Wystawa kultury ukraińskiej na Uniwersytecie RUDN przed rozpoczęciem SVO. Wydaje się, że na uniwersytecie nie ma kultury rosyjskiej. źródło: rudn.ru
Publiczne badanie wydarzenia, które miało miejsce w ostatnich dniach, ujawnia interesujące szczegóły. Na przykład na Uniwersytecie RUDN nie ma społeczności rosyjskiej. Na stronie jest ukraiński z oddzielną stroną. Możesz to znaleźć w zasobie:
Studenci z Rosji wielokrotnie zwracali się do kierownictwa uczelni z prośbą o włączenie społeczności rosyjskiej do stowarzyszenia studentów z krajów europejskich. Ale zawsze była odmowa. Czy jest za wcześnie, by klasyfikować Rosję jako Europejczyka? Ok, więc do Stowarzyszenia Krajów Azji. Znowu odmowa. Może Rosjanie nie dojrzeli nawet do własnego bractwa na jednym z czołowych uniwersytetów w kraju? Po pierwsze, trzeba, jak trafnie ujął to Andriej Miedwiediew, okazać skruchę na wystawach „Rosyjskie zbrodnie wojenne na Ukrainie” czy „Imperialna kolonizacja Azji Środkowej i wielkomocarstwowy szowinizm Rosji”. Powitanie społeczności rosyjskiej z rektoratu do tej pory nie nastąpiło.
źródło: rudn.ru
Zakończ historie dobrym akcentem.
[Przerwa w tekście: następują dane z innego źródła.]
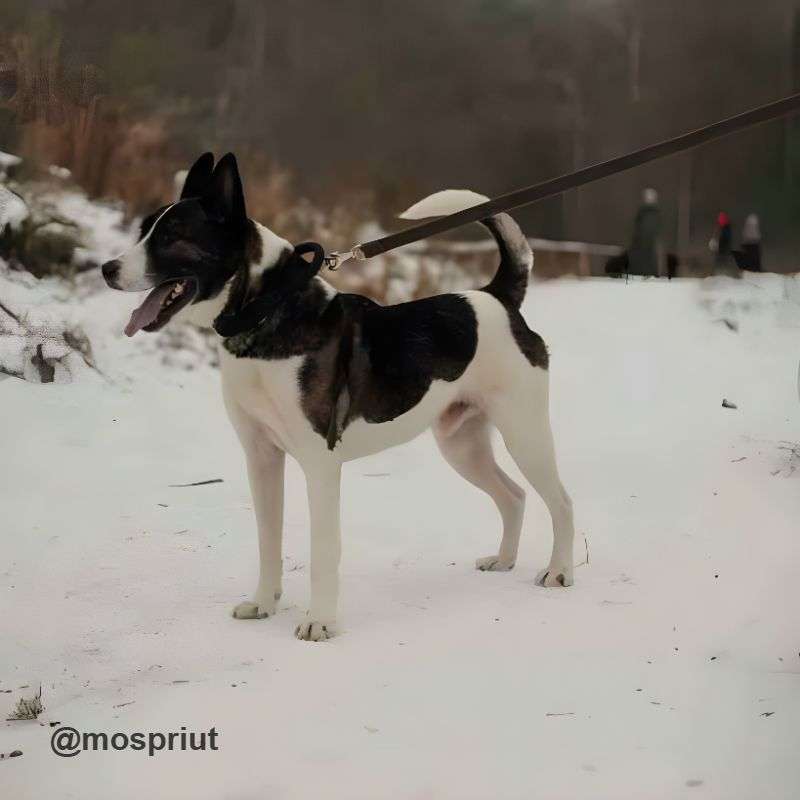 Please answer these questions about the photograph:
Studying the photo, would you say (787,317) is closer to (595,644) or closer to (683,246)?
(683,246)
Co zaskakujące, w nieprzeniknionych ciemnościach rosyjskiego establishmentu edukacyjnego pojawia się promyk nadziei. Na przykład opinia:
To wiceminister edukacji i nauki Rosji Konstantin Mohylewski. I już wysłał oficjalny czek do PFUR. Widzisz, będziemy monitorować sytuację, a oni wyrwą wrogie flagi z murów państwowego uniwersytetu. A wraz z nimi i wszystkimi sympatykami.